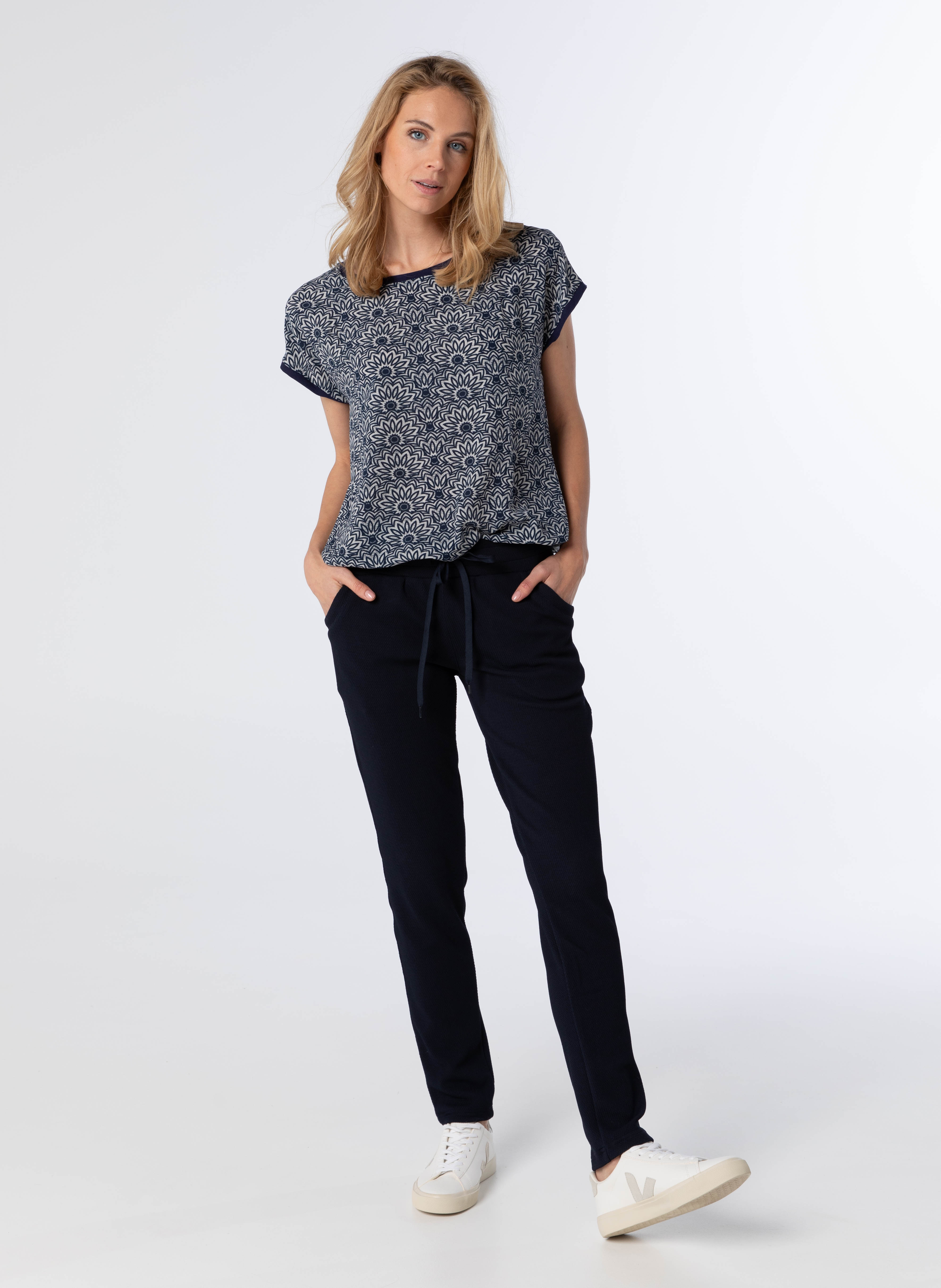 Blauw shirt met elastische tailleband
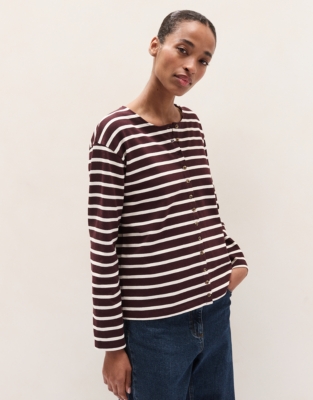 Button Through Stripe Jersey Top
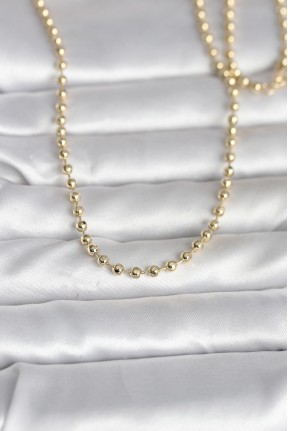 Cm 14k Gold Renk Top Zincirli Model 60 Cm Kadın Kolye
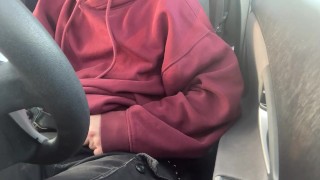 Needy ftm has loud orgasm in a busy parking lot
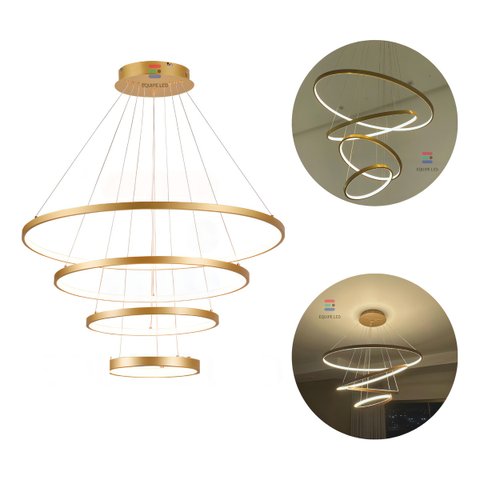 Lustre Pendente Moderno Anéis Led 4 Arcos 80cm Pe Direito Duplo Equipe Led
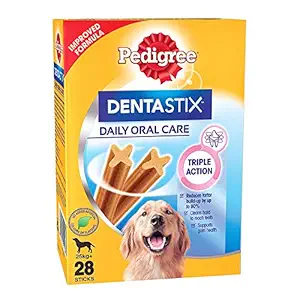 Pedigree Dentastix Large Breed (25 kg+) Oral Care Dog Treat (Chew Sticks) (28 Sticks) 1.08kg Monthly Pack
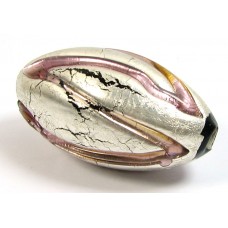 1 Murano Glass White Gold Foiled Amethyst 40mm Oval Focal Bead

——————

Exercise details → Reproduce the entire listing exactly, except for any pictures it contains.

Expected output →
 Blauw shirt met elastische tailleband
 Button Through Stripe Jersey Top
 Cm 14k Gold Renk Top Zincirli Model 60 Cm Kadın Kolye
 Needy ftm has loud orgasm in a busy parking lot
 Lustre Pendente Moderno Anéis Led 4 Arcos 80cm Pe Direito Duplo Equipe Led
 Pedigree Dentastix Large Breed (25 kg+) Oral Care Dog Treat (Chew Sticks) (28 Sticks) 1.08kg Monthly Pack
 1 Murano Glass White Gold Foiled Amethyst 40mm Oval Focal Bead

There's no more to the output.